Nella famosa lettera a Antoine Meillet del 1894, Ferdinand de Saussure esprime due convinzioni fondamentali: da un lato, l’urgenza di mostrare al linguista ciò che fa, riconducendo ogni operazione a una categoria prevista; dall’altro, la necessità di ridare senso a una terminologia priva di coerenza, poiché, a suo dire, “non c’è un solo termine usato in linguistica al quale io attribuisca un significato qualsiasi”.
Secondo Alessandro Zinna, queste due esigenze costituiscono il vero compito fondativo della linguistica moderna. La linguistica, come ogni scienza, per diventare realmente confrontabile e cumulabile, ha bisogno di due forme di omogeneità: terminologica e operativa. Non basta disporre di un metalinguaggio ben costruito; è necessario anche seguire procedure comuni, capaci di guidare l’analisi e garantire la comparabilità dei risultati.

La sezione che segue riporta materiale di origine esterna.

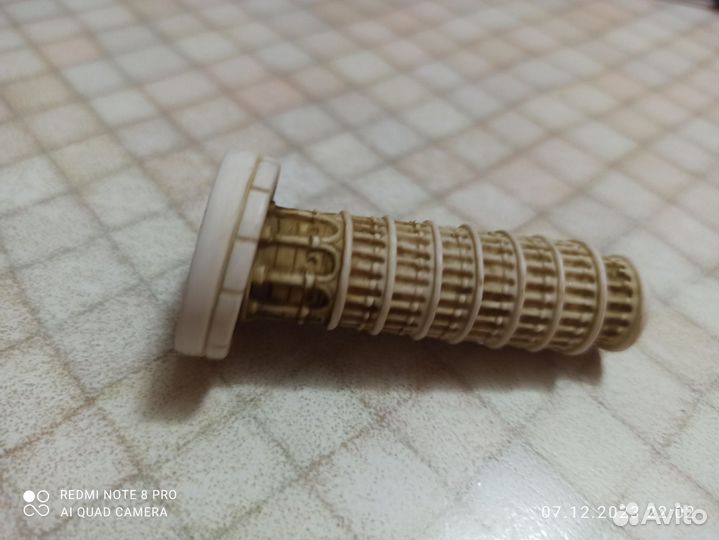 Сувенир Пизанская башня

Il solo controllo terminologico, osserva Zinna, è insufficiente. La costruzione di una teoria linguistica o semiotica non può limitarsi a fornire un insieme di definizioni coerenti: essa deve anche prescrivere una metodologia applicativa, fondata su un insieme ordinato di azioni o operazioni di descrizione. L’epistemologia auspicata da Saussure prevede infatti un doppio controllo: da un lato il senso dei termini impiegati nel metalinguaggio, dall’altro la riduzione delle azioni descrittive alle categorie previste.
È in questa direzione che Louis Hjelmslev svilupperà, a partire dagli anni ’40, una teoria linguistica che integra le operazioni nel metalinguaggio. La descrizione non si limita più a un esercizio terminologico, ma diventa una procedura, cioè un insieme regolato di azioni da compiere per applicare la teoria a un oggetto concreto.

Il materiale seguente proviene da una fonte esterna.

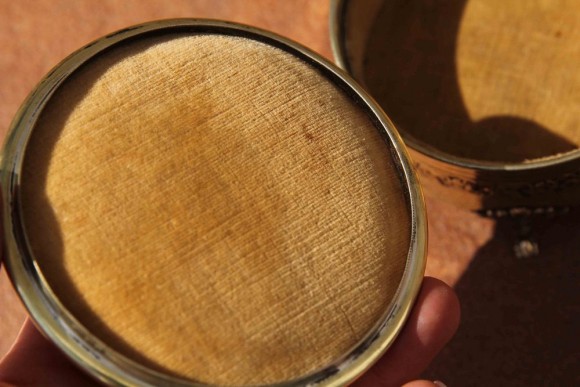 Изящная полированная шкатулочка с цветочным орнаментом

Zinna illustra il caso esemplare della commutazione. Nella glossematica, la commutazione ha una doppia funzione: è allo stesso tempo proprietà dei sistemi semiotici e test operativo. Come proprietà, indica la correlazione tra i membri di un paradigma. Come test, consiste nella sostituzione controllata di due membri per verificare tale correlazione. Questa procedura consente di stabilire le invarianti non solo sul piano dell’espressione (come nella fonologia), ma anche su quello del contenuto. In tal modo, il “fare del linguista”, anziché affidarsi a intuizioni soggettive, si regola attraverso una metodologia condivisa che garantisce risultati riproducibili.
Tuttavia, l’impostazione hjelmsleviana presenta anche dei limiti. Anzitutto, tende a considerare l’oggetto d’analisi come un linguaggio piuttosto che come un discorso. Ciò comporta una tipologia fissa di metalinguaggi e una scarsa attenzione alla dimensione storica e trasformativa delle pratiche semiotiche. Le tipologie proposte — come quelle basate su strutture mono/biplanari, scientifiche/non scientifiche, omosemiotiche/eterosemiotiche — risultano poco operative per la varietà degli oggetti contemporanei.
Per questo, osserva Zinna, non basta ragionare per tipologie strutturali, ma occorre riconoscere che ogni applicazione convoca un metasistema semiotico in funzione della fase storica della disciplina. L’evoluzione della semiotica ha moltiplicato i propri campi d’indagine: dalla semiotica dei testi alla semiotica degli oggetti, dell’immagine scientifica, dell’interfaccia. Questo ampliamento progressivo ha richiesto nuove categorie analitiche, e con esse un progressivo arricchimento del metalinguaggio stesso.
Applicare una teoria non significa semplicemente applicare un modello già pronto, ma confrontarsi con oggetti che sollecitano aggiustamenti, adattamenti e persino riformulazioni teoriche. Per questo motivo, ogni descrizione operativa implica una selezione all’interno di un repertorio più ampio di categorie, e ogni applicazione può essere letta come un metaprocesso: una trasformazione del metalinguaggio stesso nella sua attuazione concreta.
Riferimento bibliografico: Alessandro Zinna, « L’épistémologie de Hjelmslev : Entre métalangage et opérations », Signata [En ligne], 4 | 2013, mis en ligne le 30 septembre 2016.